### Directions for this task
Starting at the line that contains "Vista 50 de", write out every line to the end of the records below exactly, and leave out the pictures.
----
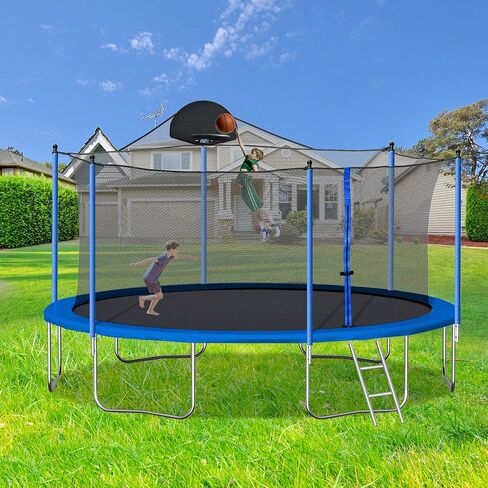 1000LBS 14FT Trampoline with Basketball Hoop & Safety Enclosure Net -ASTM Approved, Outdoor Recreational Heavy-Duty Trampoline for Kids Adult in Saudi Arabia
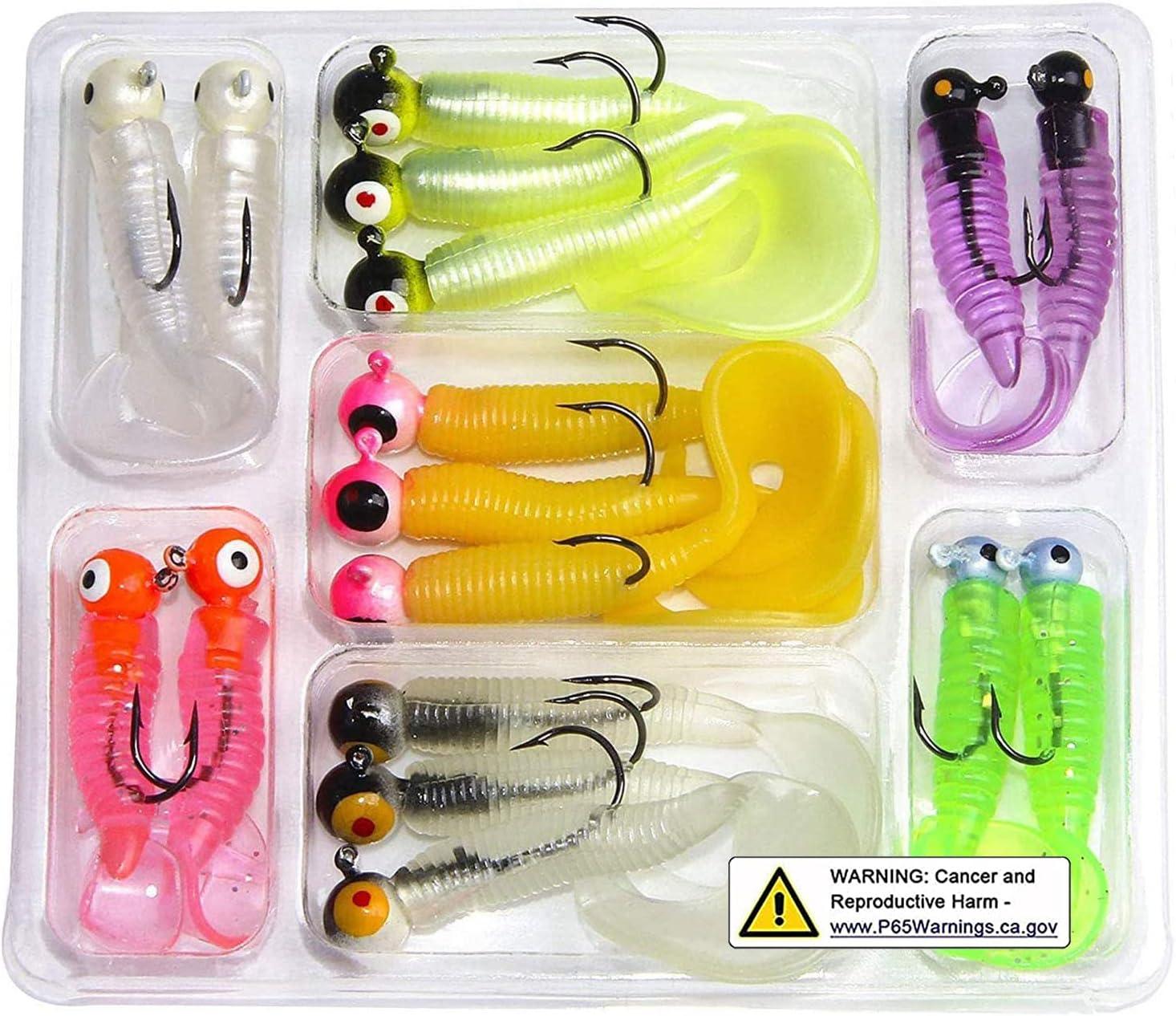 imageSoft Fishing Lures Jig Head Hooks Kit Crappie Jigs Lures Kit Mixed Curly Grub Lures Tube Baits Soft Plastic Swimbaits for Bass Trout Panfish Saltwater Freshwater Fishing17pcs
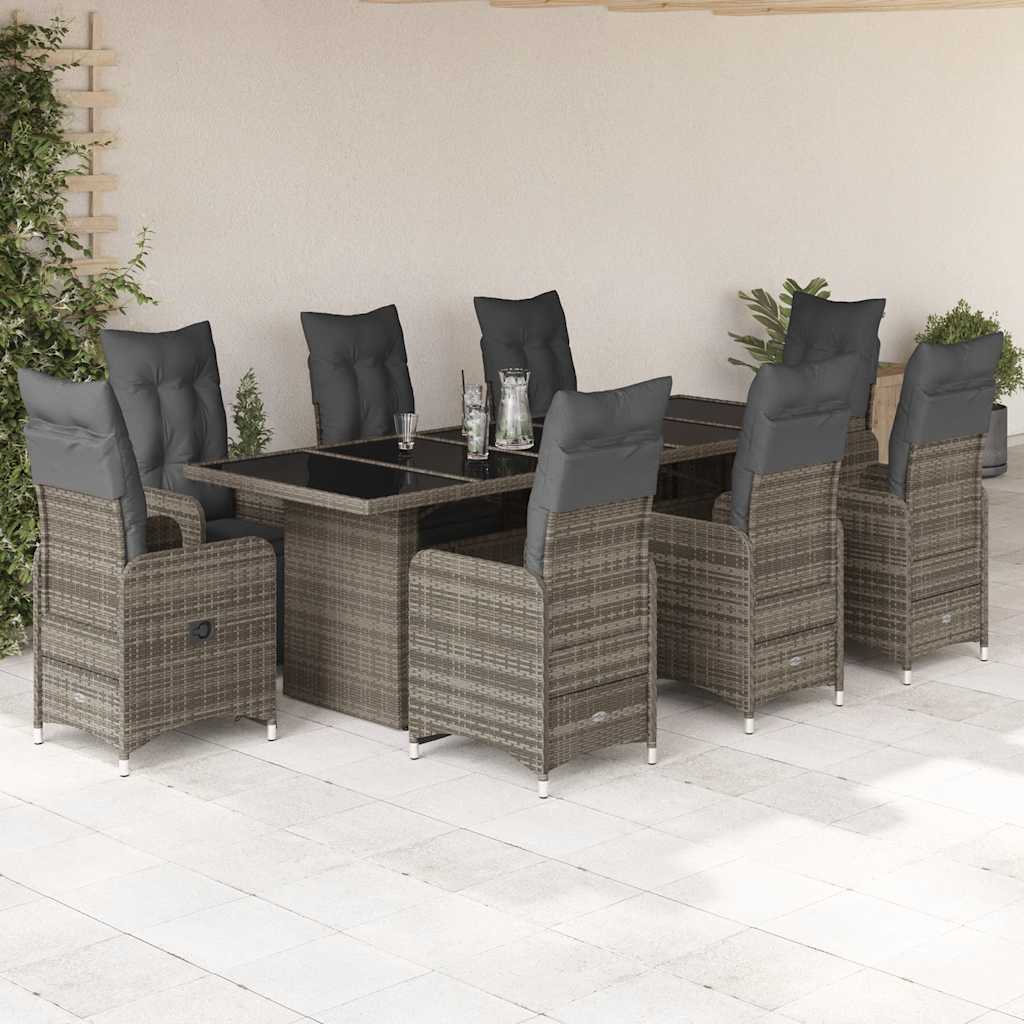 Set BistrÃƒÂ² da Giardino 9 pz con Cuscini in Polyrattan Grigio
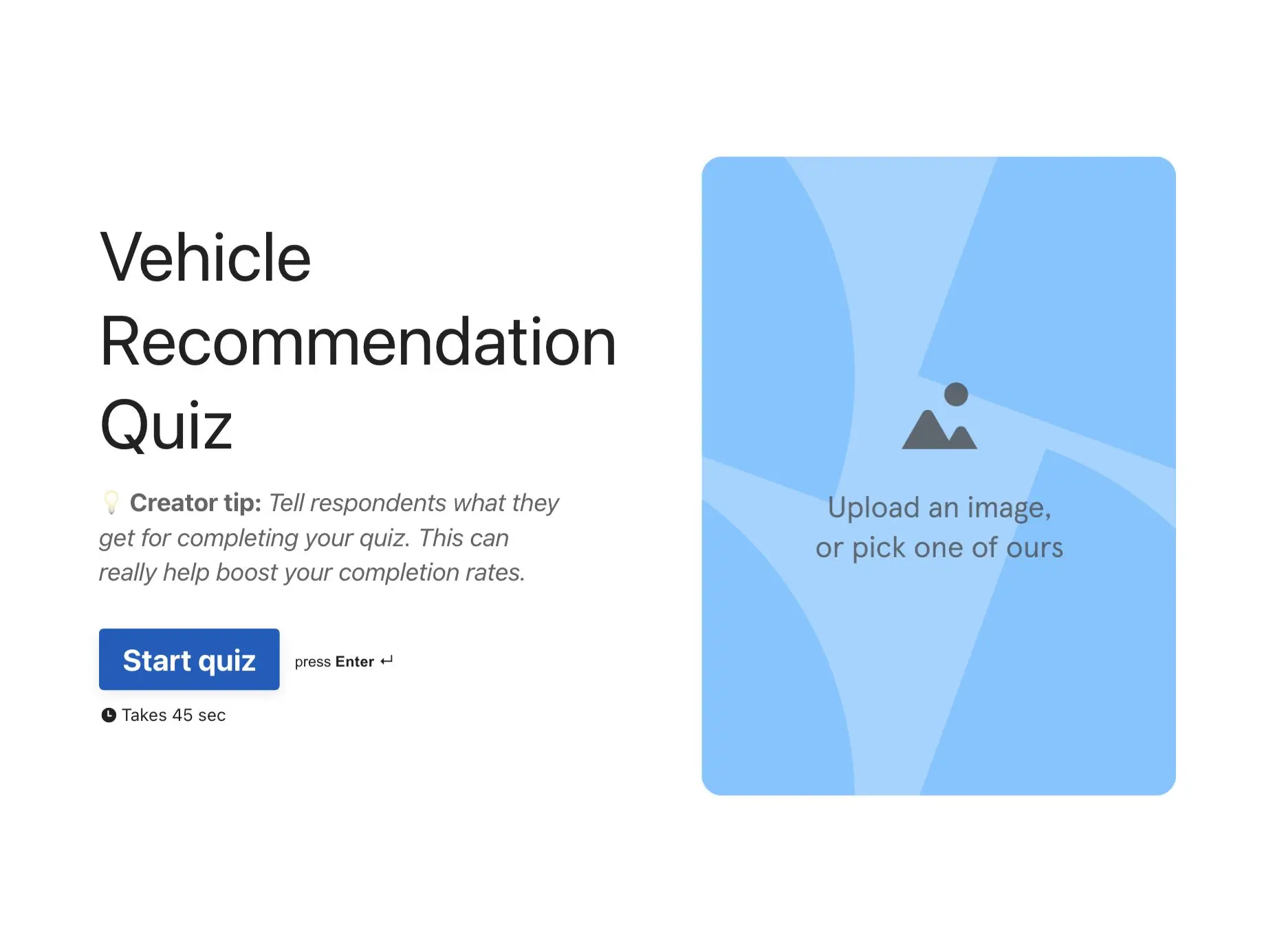 Vehicle Recommendation Quiz Template Hero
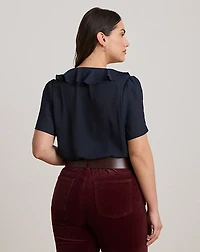 Ruffle-Trim Georgette Blouse
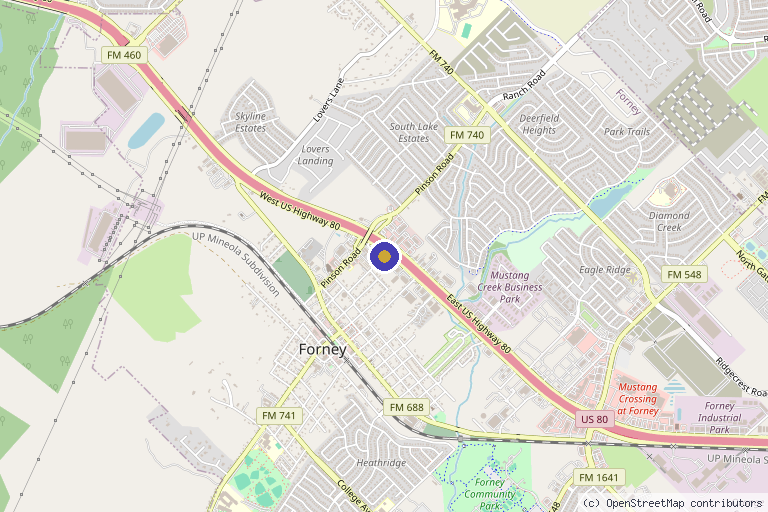 Map showing the location of ETX Inject Cosmetics & Wellness Forney PLLC in Forney, TX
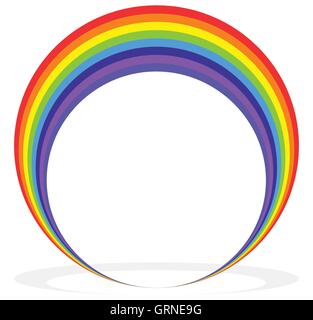 Circular rainbow shape (frame, border, element) with shadow Stock Vector
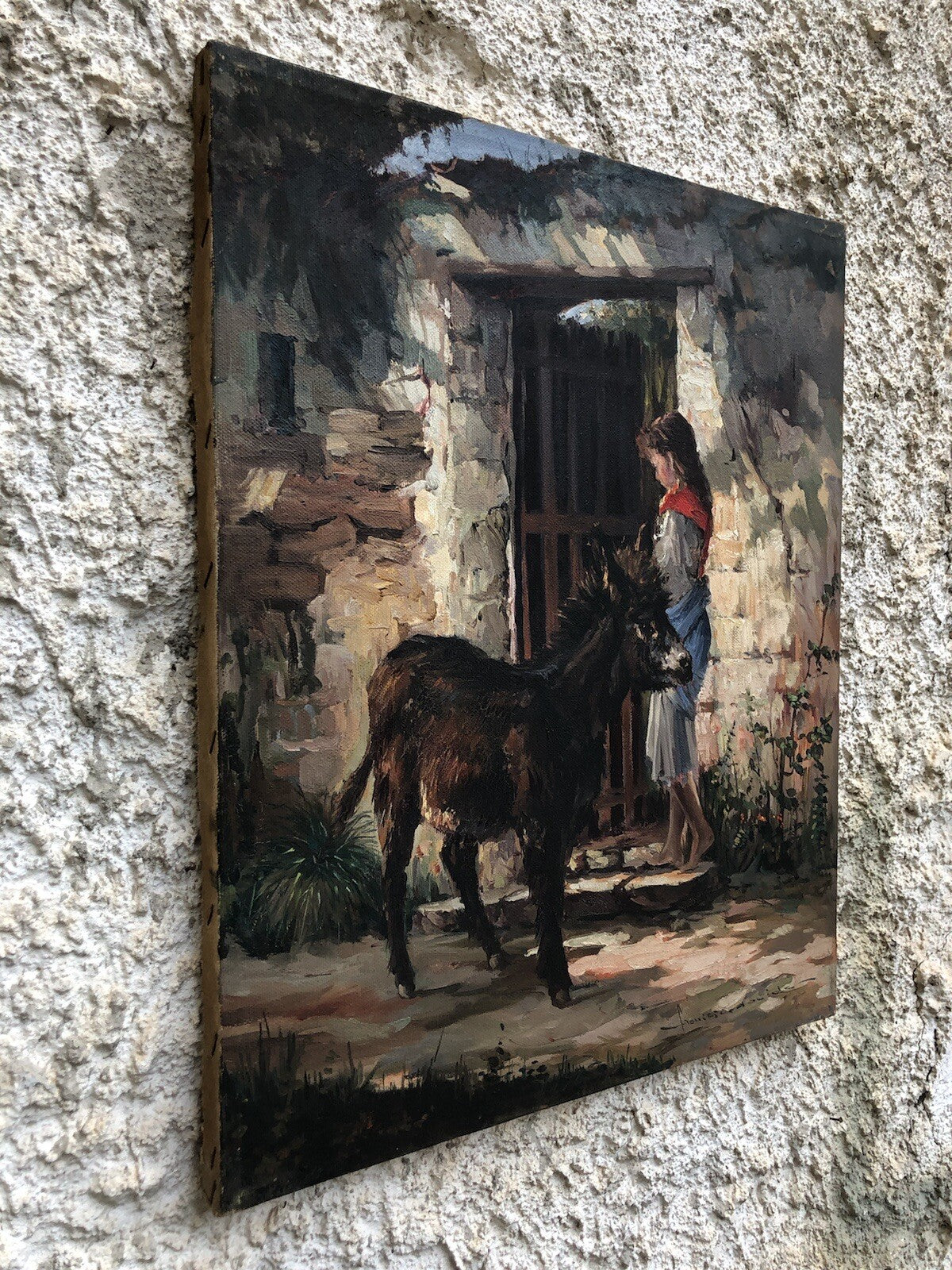 Quadro vintage -Asinello- dipinto a olio su tela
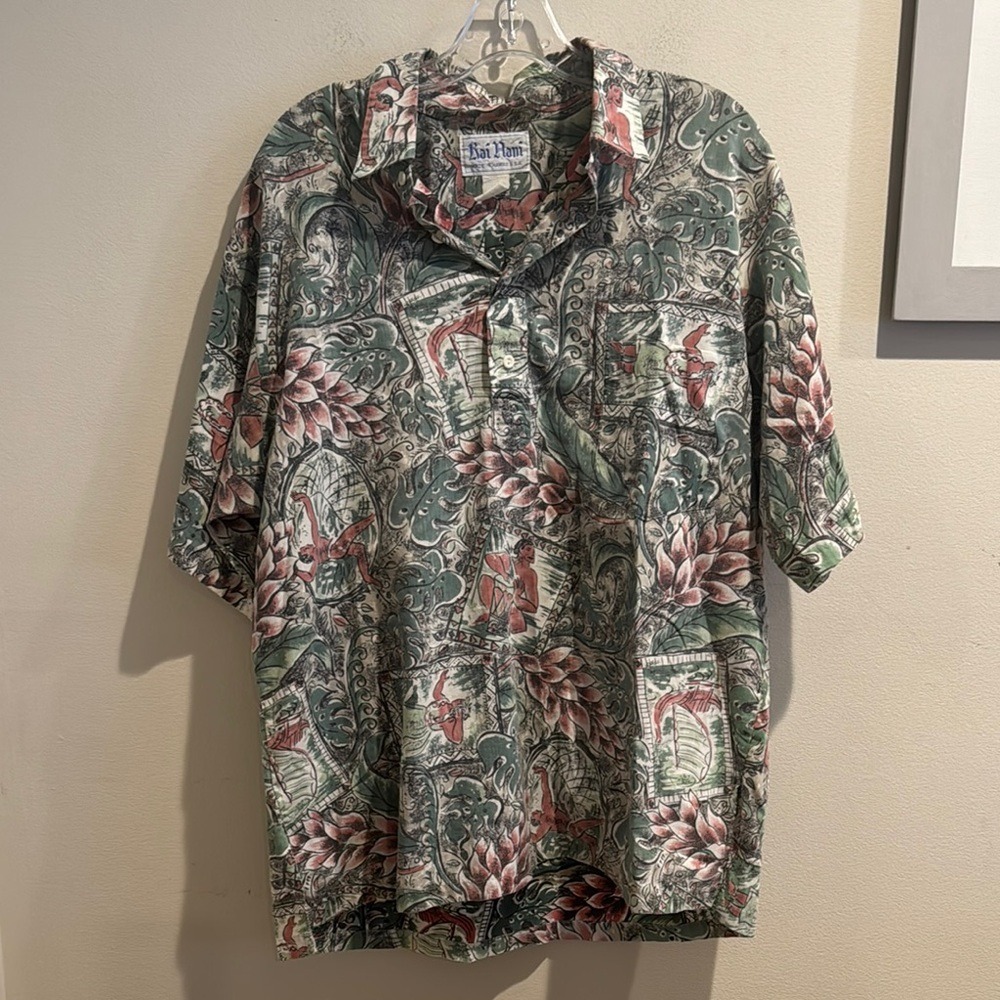 Vintage Rai‎ Nani Hems Kurtzarm Made In Hawaii Resort Wear Top Mens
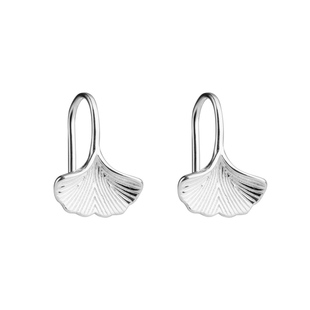 通体S999足银纯银银杏叶子耳钩耳环耳饰女设计小众睡觉免摘养耳洞
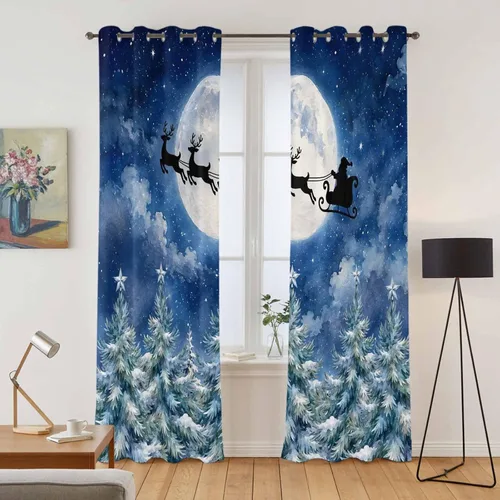 Vista 50 de Libaoge Cortinas de Navidad para cocina, dormitorio, juego de 2 paneles, diseño de muñeco de nieve de Navidad, cortinas de invierno con copos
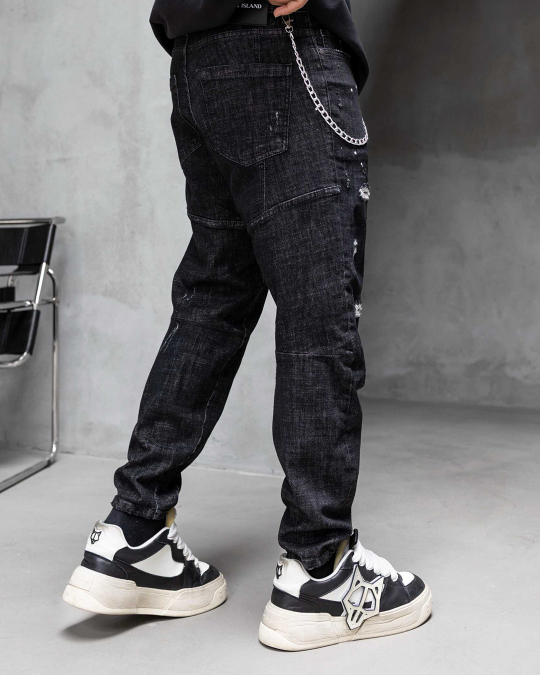 A0102 Мъжки дънки – SLIM RELAXED LUXE BLACK DENIM – 17357 - Image 3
----
### Solution for this exercise
 Vista 50 de Libaoge Cortinas de Navidad para cocina, dormitorio, juego de 2 paneles, diseño de muñeco de nieve de Navidad, cortinas de invierno con copos
 A0102 Мъжки дънки – SLIM RELAXED LUXE BLACK DENIM – 17357 - Image 3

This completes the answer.